The Bear, the Bricklayer, and the “AI Slop” Problem

A short exchange on LinkedIn compressed the entire debate about generative AI and creative work into twenty-odd comments. A man asked whether anyone had read his children's books; people who build AI for a living called them “ai slop”; he answered with an analogy about an architect who cannot lay bricks. The craft objection, the volume objection, the honesty objection — and where the architect analogy strains. The debate does not resolve. It clarifies.

A conflict of interest, named plainly. This piece is about a LinkedIn exchange concerning the bear books published at theheld.ai — and theheld.ai and this publication share an author. The publication is, in effect, writing about its own author’s work and the criticism it drew. That is a real conflict, not a notional one. The piece tries to give the critics their strongest case precisely because the author has every incentive not to; whether it has succeeded is for the reader to judge, and the reader should weight the piece accordingly. Full disclosure on the about page.

A short exchange on LinkedIn last week did something most arguments about artificial intelligence fail to do: it stayed human. There was no manifesto, no thread of forty quote-tweets, no consultant promising to “demystify” anything. There was just a man asking, with a slightly desperate string of kisses, whether anyone had actually read his books — and the man, writing on his own LinkedIn feed, was Doug Scott.

Scott is a serial entrepreneur and angel investor. He founded Redbrain, a performance-marketing and shopping-ads business that drives well over a billion pounds in incremental sales for retailers each year, and built it without venture capital — alongside a string of other ventures including Climate VC, Potential.co and DeckSender, plus dozens of angel investments. These days he describes himself, with characteristic understatement, as someone who “ambles a lot.” The books are children’s stories about a bear, published online at theheld.ai. And the post — “Did anyone read my bear books:) please say yes:) xxxx”, which you can find on his profile at linkedin.com/in/dougsscott — was the kind of thing that usually scrolls past unremarked.

What made it worth stopping for was the fight that broke out underneath it. Because buried in twenty-odd comments was the entire debate about generative AI and creative work, compressed into a form small enough to actually think about.

“AI slop”

The phrase arrived in the bluntest possible form.
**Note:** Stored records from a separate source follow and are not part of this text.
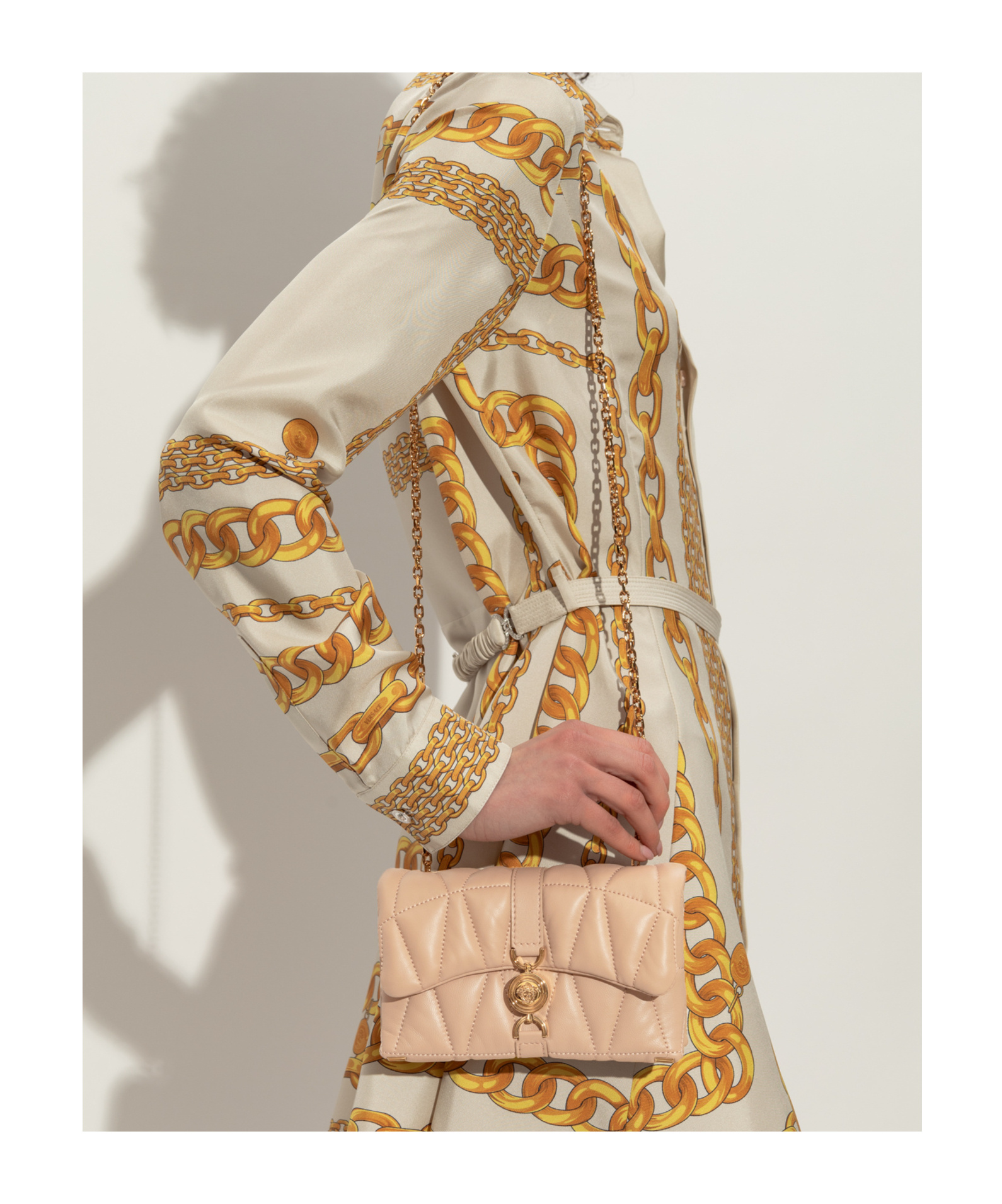 Versace Kleio Quilted Mini Shoulder Bag In Nude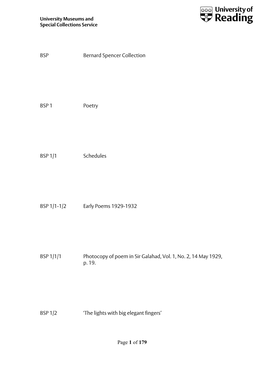 Of 179 BSP Bernard Spencer Collection BSP 1 Poetry BSP 1/1 Schedules BSP 1/1-1/2 Early Poems 1929-1932 BSP 1/1/1 Photocop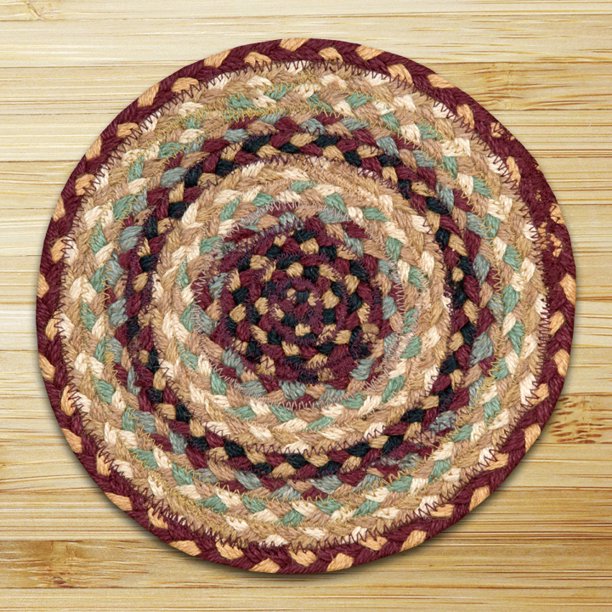 Earth Rugs C357 Burgundy / Gray / Cream Round Braided Rug 5.75 x 5.75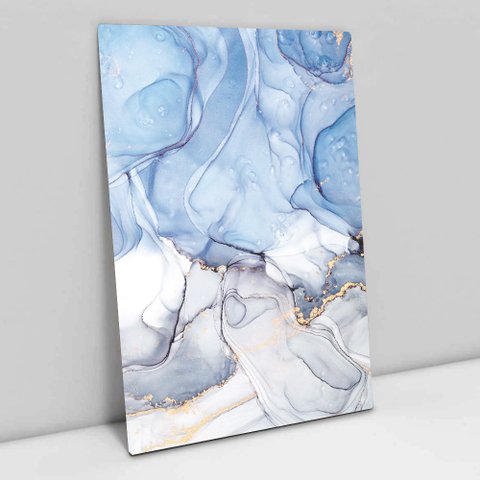 Quadro Decorativo em Canvas Abstrato Mármore Azul Claro TaColado Borda Infinita 60 x 40cm
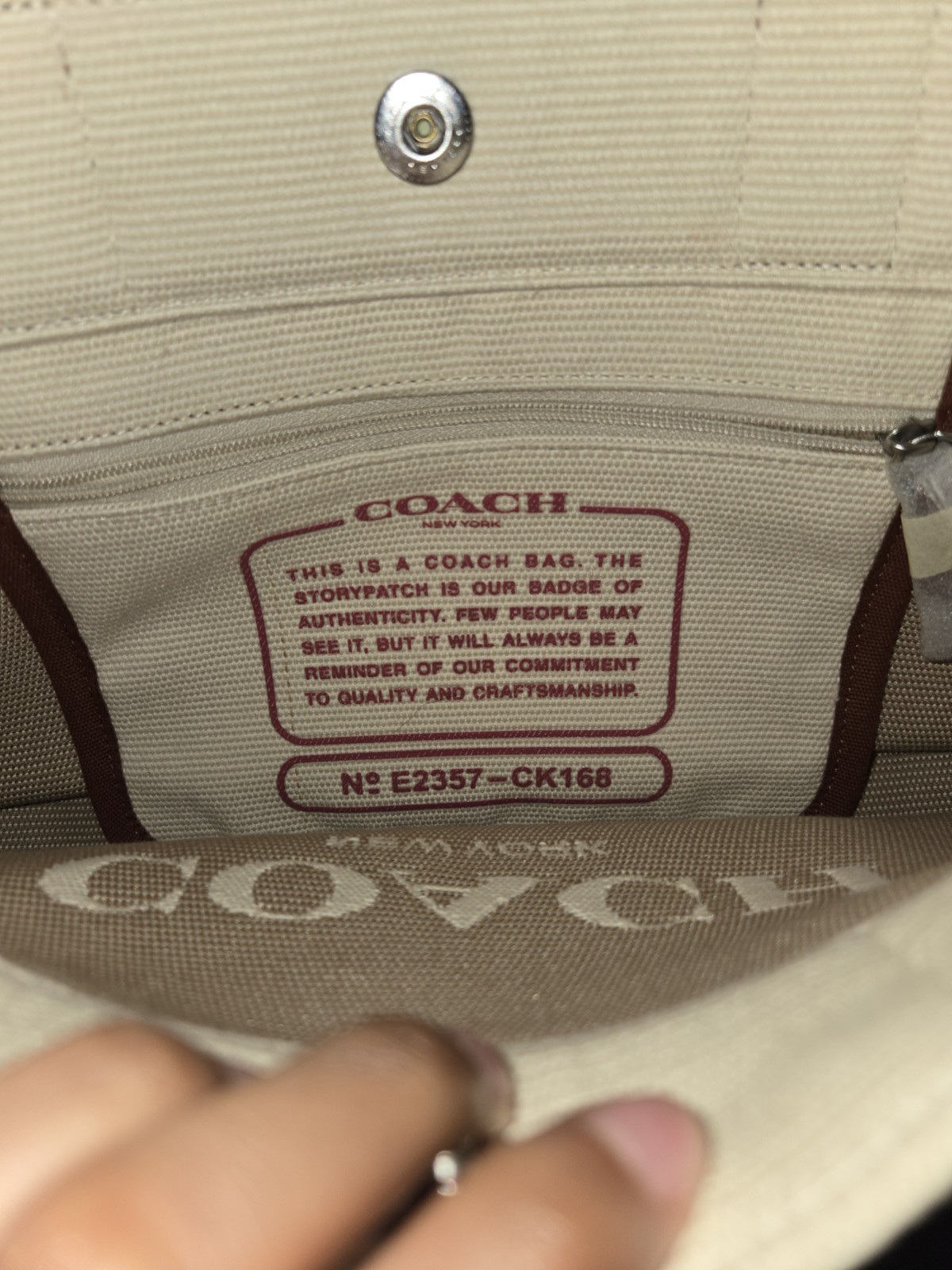 Coach Small Canvas Tote NATURAL, CK168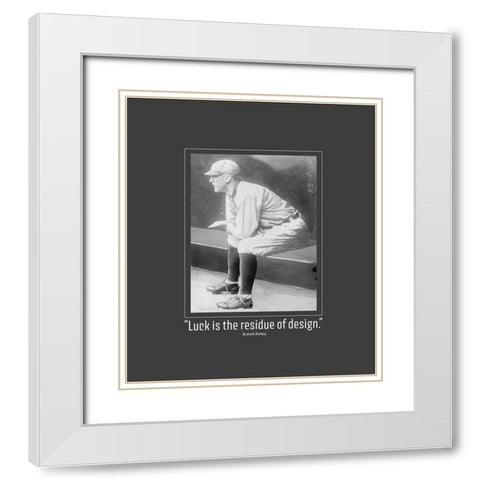 Branch Rickey Quote: Luck White Modern Wood Framed Art Print with Double Matting by ArtsyQuotes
Among the commenters were people who work in AI for a living, and more than one of them reached for the same two words: “ai slop.” It is, by now, a familiar verdict. “Slop” has become the term of art for content that is generated rather than made — text and images produced quickly, cheaply, and in volume, with no particular person standing behind any individual sentence or brushstroke. The word does a lot of work. It implies excess, low quality, and a kind of environmental pollution of the feed. It says: this was not worth the seconds it took me to scroll past it.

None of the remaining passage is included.